A standard question talking to people of her generation was - what did you do in the war? Well, the mother-in-law worked at Bletchley Park. It has come back into the news as the world has learned more about the code breakers in World War 2, especially those who cracked the Enigma codes used by the Germans. So as part of a recent vacation we decided to visit Bletchley Park where the whole site has been turned into a working museum.
Having signed the official secrets act, Mrs O’s mother always remained reticent about her activities, but we are pretty sure that she was one of thousands who spent their days as Morse code experts, noting down the stream of apparent gibberish that came through the airwaves.
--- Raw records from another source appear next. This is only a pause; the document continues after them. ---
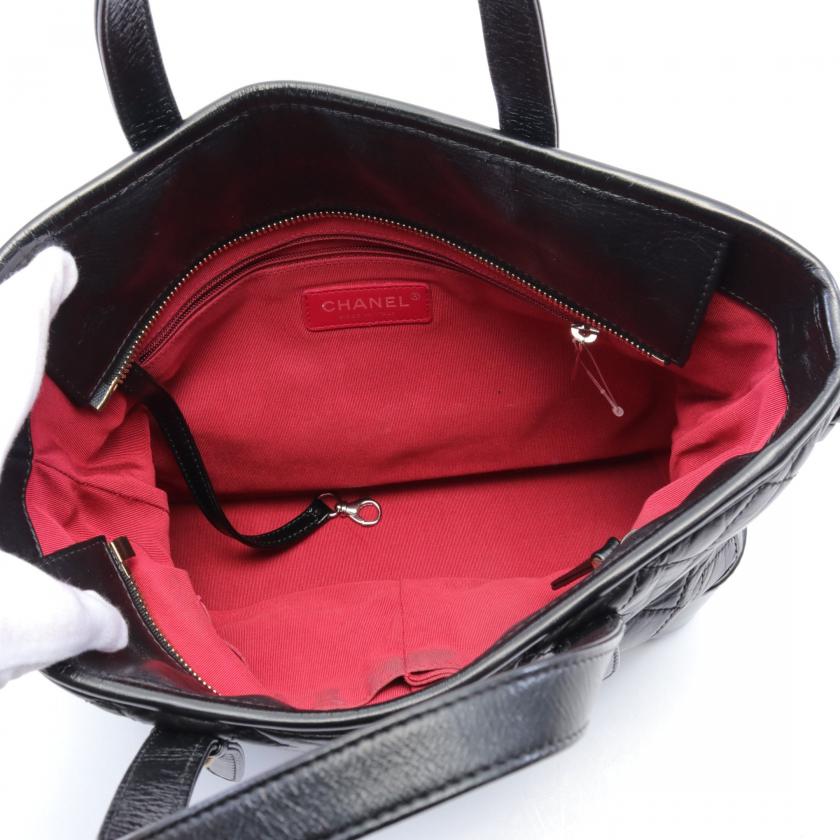 Chanel Gabriel De Chanel Handbag Leather Black Combination Metal Fittings 2way 887124 - Condition B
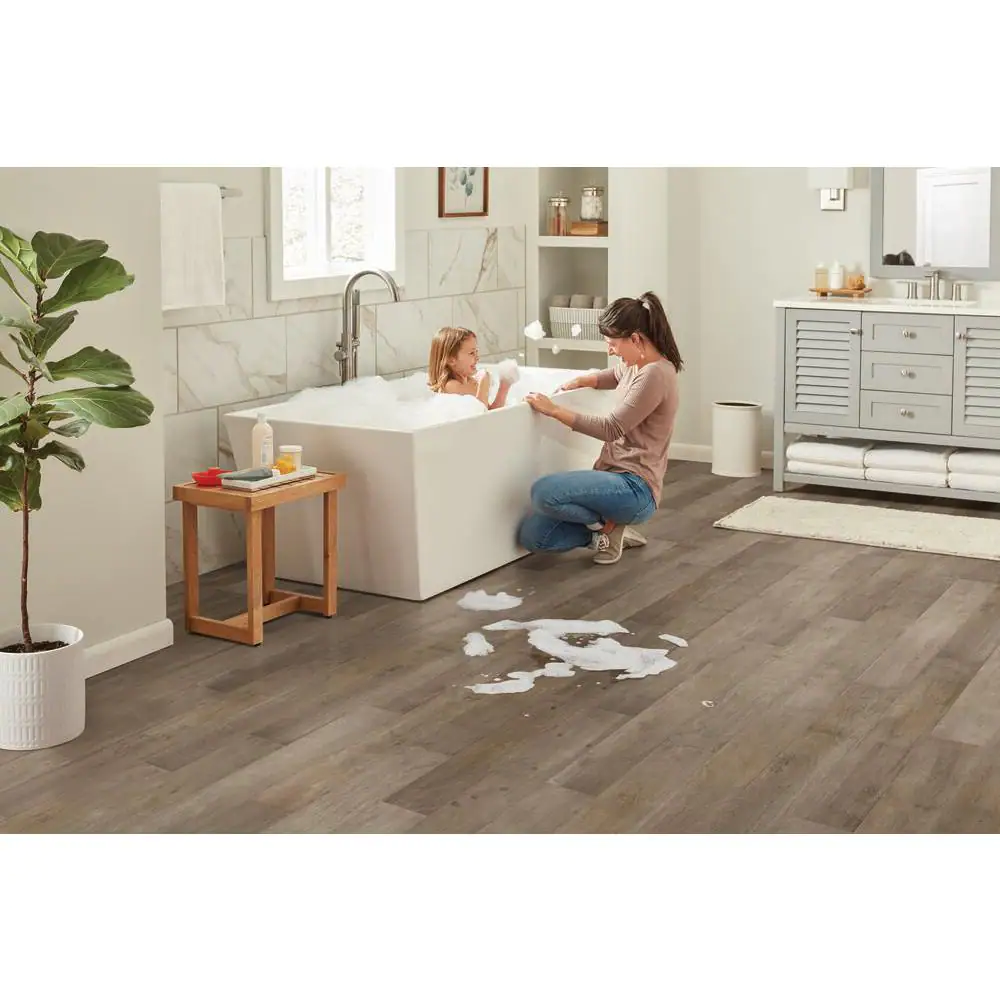 Lifeproof Acadia Birch 2/7 in. T x 6.5 in. W Waterproof Engineered Hardwood Flooring (19.5 sqft/case)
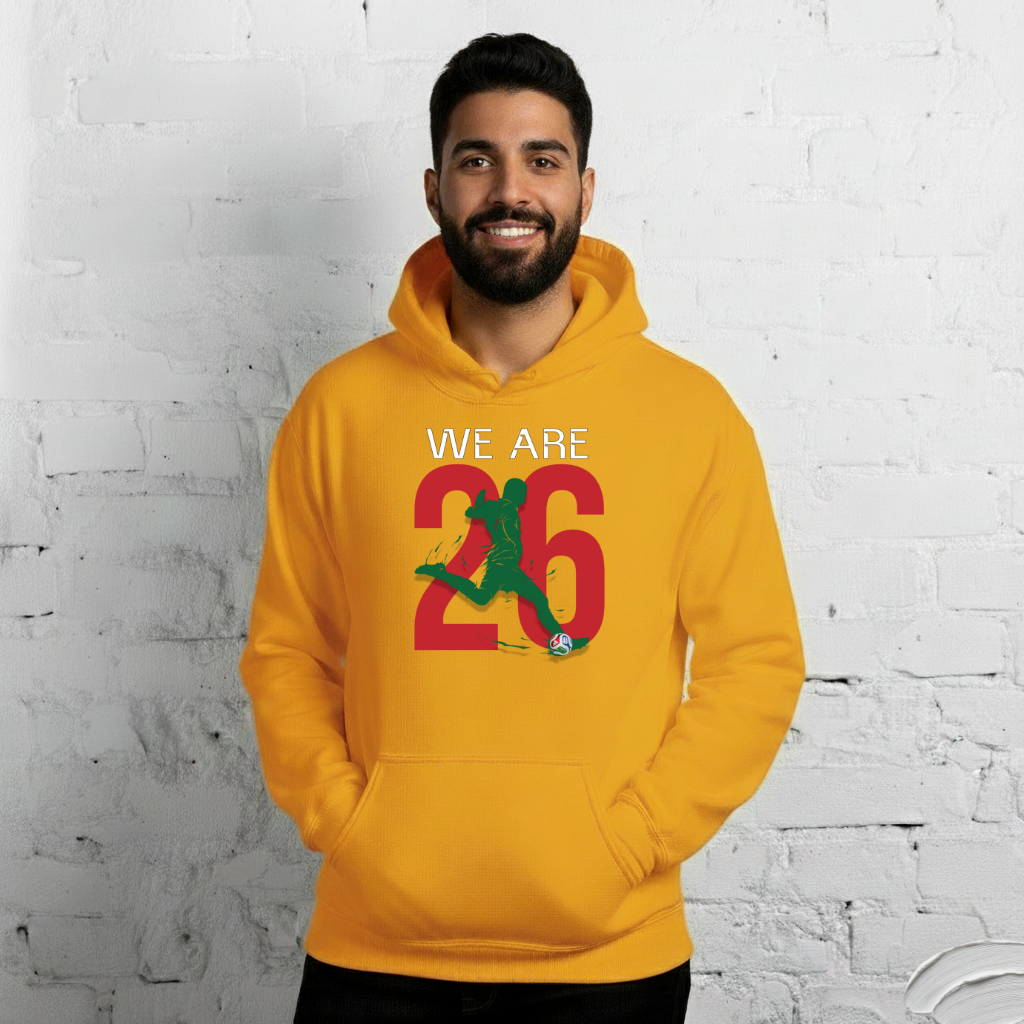 Morocco World Cup 2026 Fitted Hoodie | We_Are_26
Most were billeted in sub-stations outside Bletchley, and dispatch riders would take their paperwork to Bletchley itself where the code breakers would work on it. As well as claiming to shorten the war by about two years, the work done there provided the foundation for modern computers.
So the Bletchley Park site had exhibitions, films and artefacts, including original huts that have remarkably survived, although were only rescued just in time before they keeled over for good. Prize exhibits included scraps of coding work sheets that should have been destroyed. They only survived because the huts were so draughty that - disobeying orders - the girls used to screw them up and stuff them into holes in the walls and ceilings. When it came to the restoration, there they were.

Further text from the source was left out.